(Revisiting) The Adventures of Huckleberry Finn by Mark Twain

Through the Cracks is a review series focusing on the ones that got away. These are timeless classics that everyone has read—everyone, that is, except the reviewer, who is finally getting around to reading a book which somehow slipped through the cracks and trying to see if it’s really all it’s cracked up to be.
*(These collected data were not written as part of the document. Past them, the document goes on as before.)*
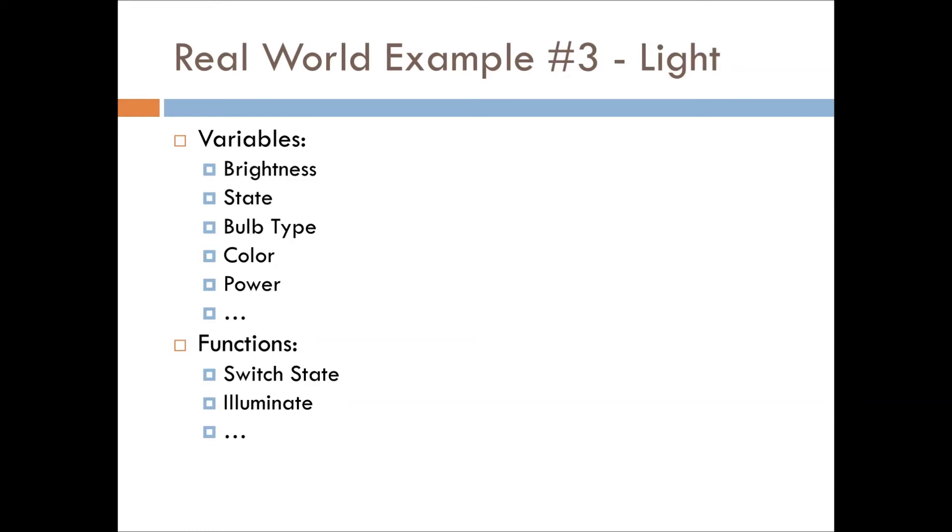And then to switch it up a little bit, let's go with the light, where you can have brightness, what state it's currently in, the bulb type, what color it's emanating, the power that's being received by the light. And there's other things that could be used to describe it, especially if you're thinking about smart lights and things like that.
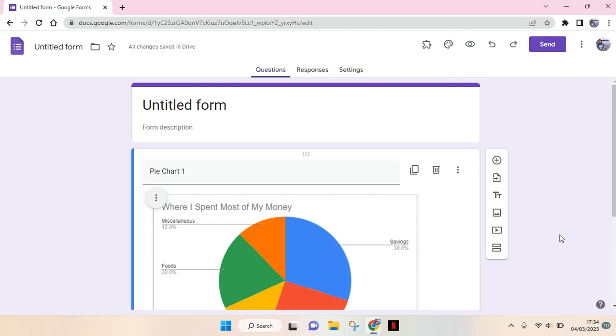Hi everyone, welcome back to this channel. On today's video I'm going to show you how you can add an image header on your Google Forms. So if you created a Google Form and you want to make it more interesting, you can add an image header to it.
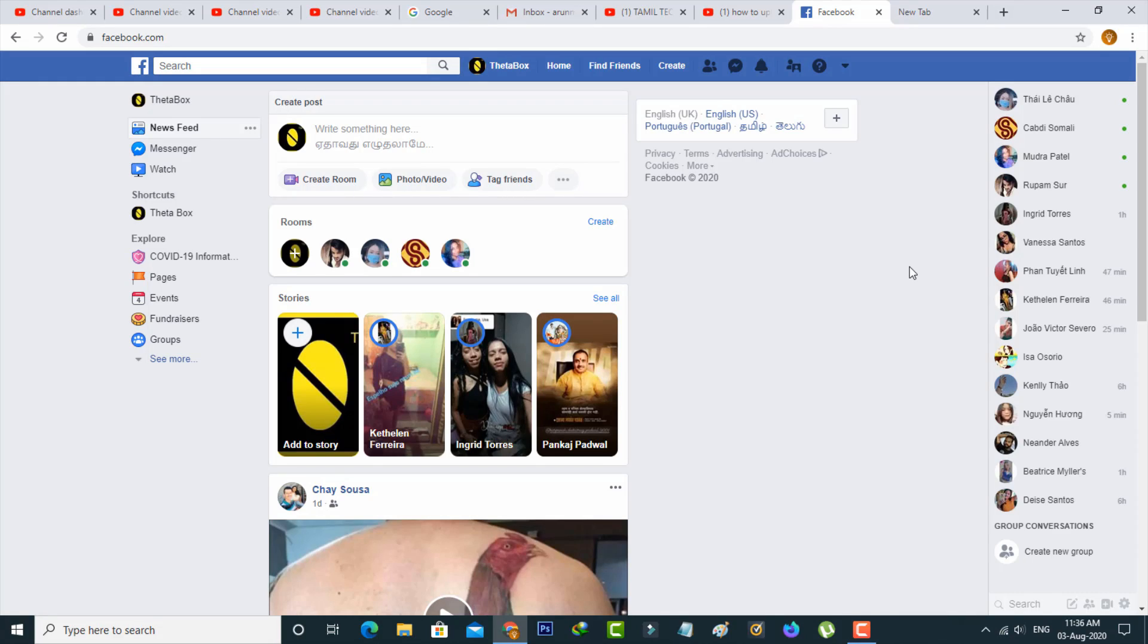First method is by using the Facebook desktop version. So just open your Facebook official web page and then go to your Facebook profile section.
Mark Twain’s The Adventures of Huckleberry Finn is one of those books that most of us read in our teens. Most of us, that is, except me, who read the first few chapters in my ninth grade English class and then faked it. It wasn’t that I was a reluctant reader; though I spent a lot of my adolescent years playing Legend of Zelda, it’s likely that I blew off reading Huck Finn because I was too engrossed in some Star Trek novel or the steamy Neanderthal sex scenes in Jean M. Aul’s Clan of the Cave Bear. I recently read Huck Finn for real, and though I recalled more of the plot than I realized (a testament to my English teacher since I hadn’t actually, you know, read most of it) I was shocked at how much different it is from the novel I’d always figured it to be. What I’d taken for a boyish adventure down the Mississippi turned out to be more of a scathingly satirical trip into America’s Heart of Darkness, as funny and troubling as Conrad’s little trip down the Congo and into the human soul is horrific.